**ACTION ITEM:** From the line that contains "2024 Religious Advent" down to the last line of the listing below, reproduce each line exactly but not the pictures.

**THE DATA:**
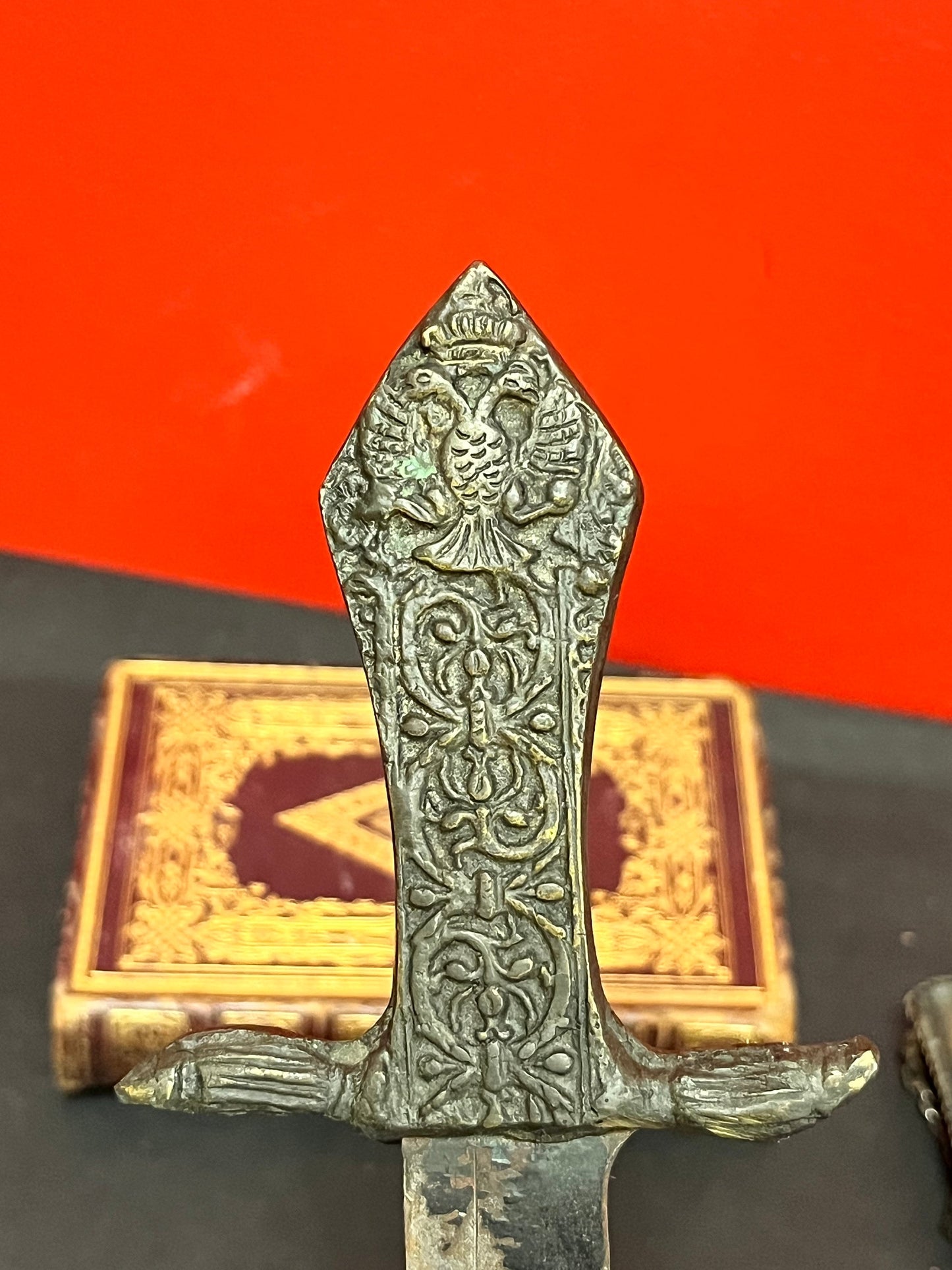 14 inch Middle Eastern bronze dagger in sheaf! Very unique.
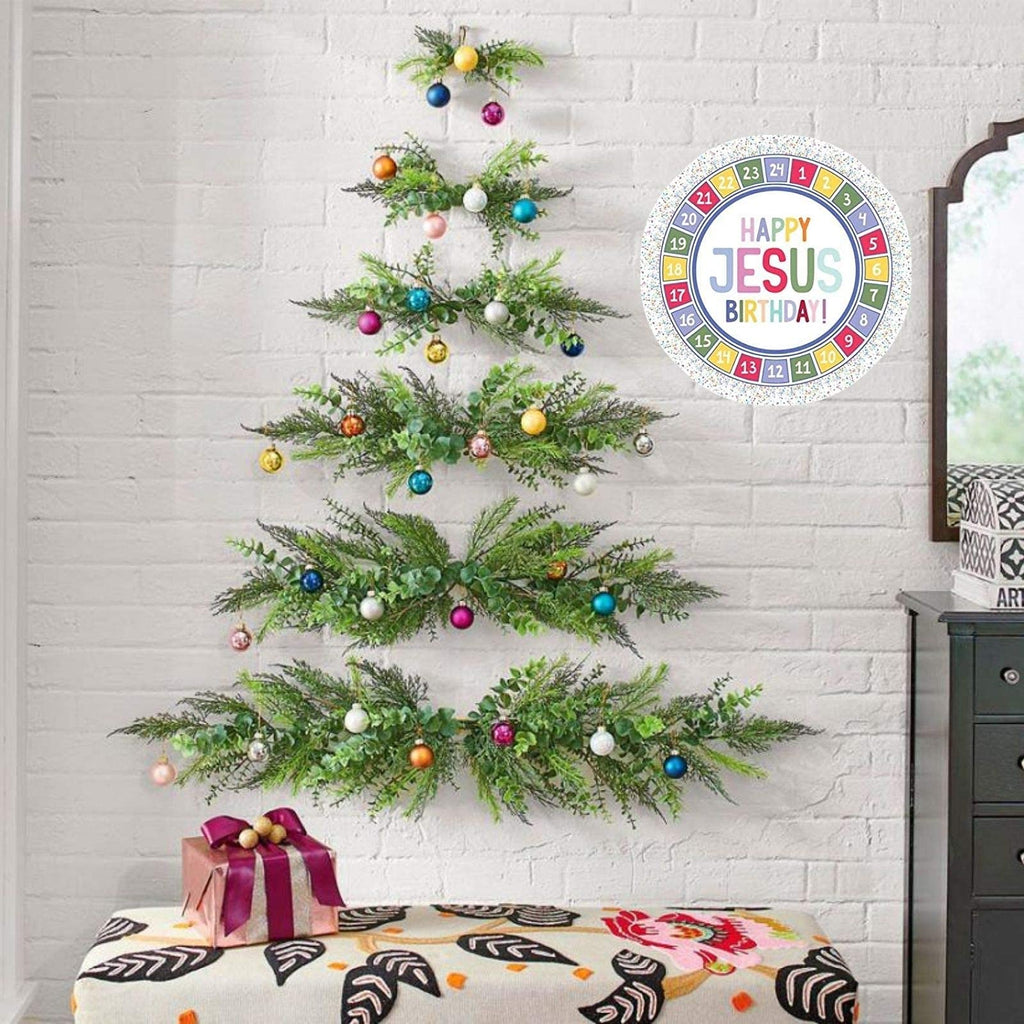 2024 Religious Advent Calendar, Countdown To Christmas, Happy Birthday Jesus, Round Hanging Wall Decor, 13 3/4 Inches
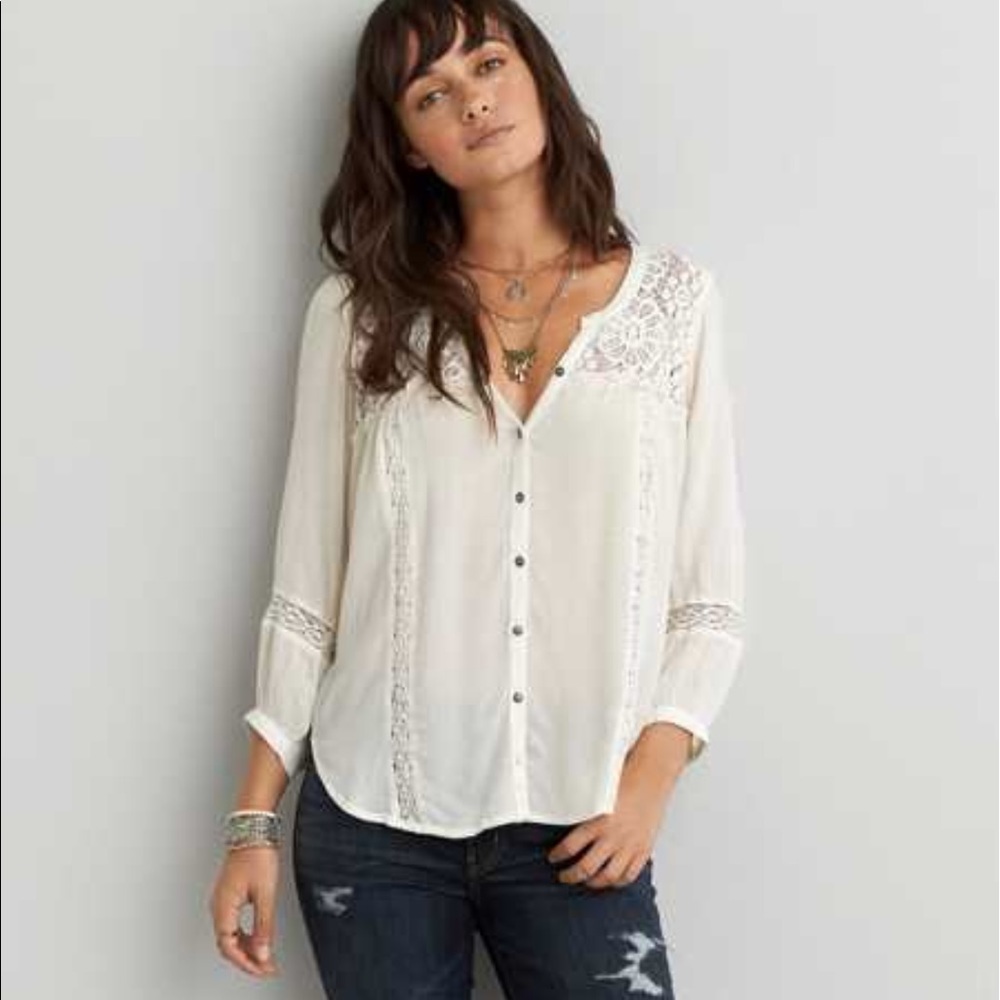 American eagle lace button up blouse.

**ANSWER SECTION:**
 2024 Religious Advent Calendar, Countdown To Christmas, Happy Birthday Jesus, Round Hanging Wall Decor, 13 3/4 Inches
 American eagle lace button up blouse.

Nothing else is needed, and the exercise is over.